Davanti a un caffè, il discorso si allarga sulle molte storie che vivono nella memoria del borgo. Storie vissute o ascoltate in gioventù che raccontano di personaggi ed eventi di un tempo, oggi conservati come simboli unificanti dello spirito di comunità. Se d’inverno la quiete è padrona assoluta di questi vicoli ordinati e puliti, dalla primavera in poi il richiamo per chi viene da fuori si esprime in più di un’occasione. Ogni 15 agosto, la Cavalcata dell’Assunta attira puntualmente frotte di visitatori nelle stradine fiorite che profumano di storia. Nel corteo, a ricordare le origini marittime, una barca viene condotta sino alla chiesa di S. Maria al Mare, accolta dalla voce della torre campanaria. Due processioni si indicono anche a Pasqua, il venerdì santo e la domenica, quando da S. Agostino esce la statua della Madonna del Rosario: tornano anche gli emigranti per seguire questa festa, e non solo quelli animati da sentimenti religiosi. Vengono per sentirsi sempre dalla parte delle radici, a ricordare la ngiochetta, rito rigenerativo pasquale a base di uova sode; i matrimoni con la rottura dell’orcio riempito di riso, monetine e petali di fiori; le botteghe dei vecchi mestieri che si affacciavano sulle tre vie principali; i due circoli sociali; l’attore Massimo Girotti, gentile e signorile, che qui acquistò una casa, attratto dalla bellezza e dalla pace del luogo. E don Francesco Mecozzi, prete severo ma amico dei giovani, cui si deve la costruzione della scuola media che fronteggia il Museo archeologico, all’ingresso del borgo.

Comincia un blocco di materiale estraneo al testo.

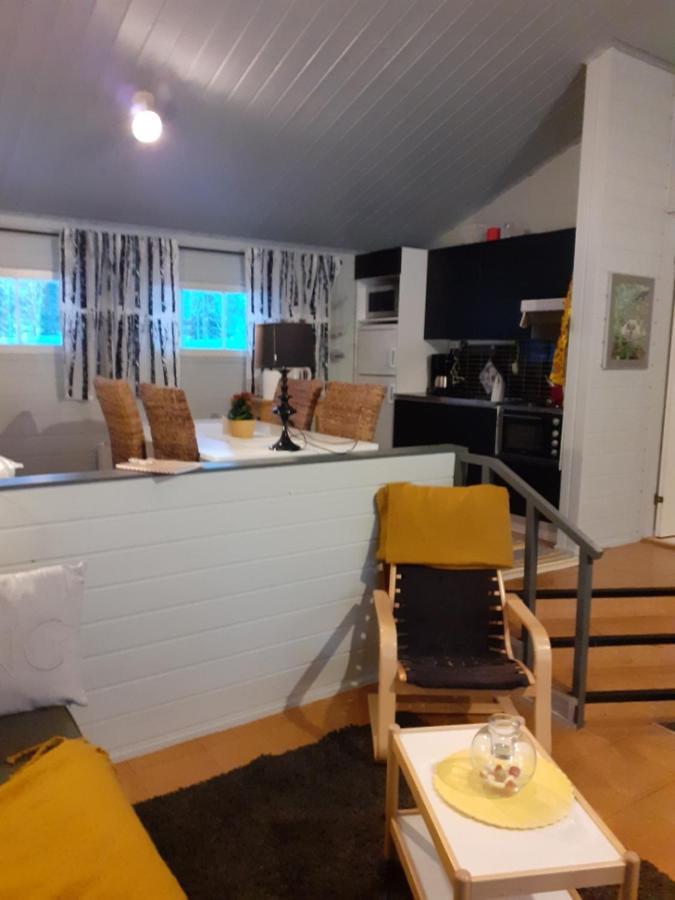 Lomakylae Atimo Villa Alakitka Kültér fotó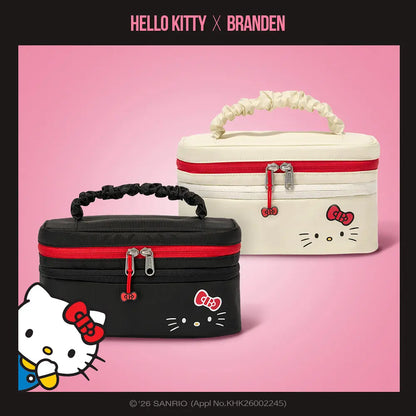 Branden X Hello Kitty Makeup Pouch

Come ogni luogo, Torre di Palme, libero comune per seicento anni, dal 1877 frazione di Fermo, è un racconto senza fine; un gioco della vita fatto di memoria e di affettività che resiste alle trasformazioni prodotte dal tempo. Non ci sono più le poste, l’anagrafe, le botteghe, e la popolazione si è estremamente ridotta, ma nonostante ciò le famiglie che vivono qui sono le stesse di sempre. Si deve anche alla sopravvivenza della comunità, al solidale spirito di quello che qui chiamano r-aiuto se il borgo continua a riconoscere il senso del “noi”: di un’identità storica e umana che sa esprimersi tanto nel silenzio del ritiro quanto nei momenti in cui le vie accolgono schiere di chiassosi visitatori. “Un caos – come ricorda ancora Massimo – ma un caos felice, sia chiaro”.